Objective. Skin lesion segmentation plays an important role in the diagnosis and treatment of melanoma. Existing skin lesion segmentation methods have trouble distinguishing hairs, air bubbles, and blood vessels around lesions, which affects the segmentation performance. Approach. To clarify the lesion boundary and raise the accuracy of skin lesion segmentation, a joint attention and adversarial learning network (JAAL-Net) is proposed that consists of a generator and a discriminator. In the JAAL-Net, the generator is a local fusion network (LF-Net) utilizing the encoder-decoder structure. The encoder contains a convolutional block attention module to increase the weight of lesion information. The decoder involves a contour attention to obtain edge information and locate the lesion. To aid the LF-Net generate higher confidence predictions, a discriminant dual attention network is constructed with channel attention and position attention.
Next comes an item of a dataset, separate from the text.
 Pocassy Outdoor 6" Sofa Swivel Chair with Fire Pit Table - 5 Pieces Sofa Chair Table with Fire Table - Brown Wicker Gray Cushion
Main results. The JAAL-Net is evaluated on three datasets ISBI2016, ISBI2017 and ISIC2018. The intersection over union of the JAAL-Net on the three datasets are 90.27%, 89.56% and 80.76%, respectively. Experimental results show that the JAAL-Net obtains rich lesion and boundary information, enhances the confidence of the predictions, and improves the accuracy of skin lesion segmentation. Significance. The proposed approach effectively improves the performance of the model for skin lesion segmentation, which can assist physicians in accurate diagnosis well.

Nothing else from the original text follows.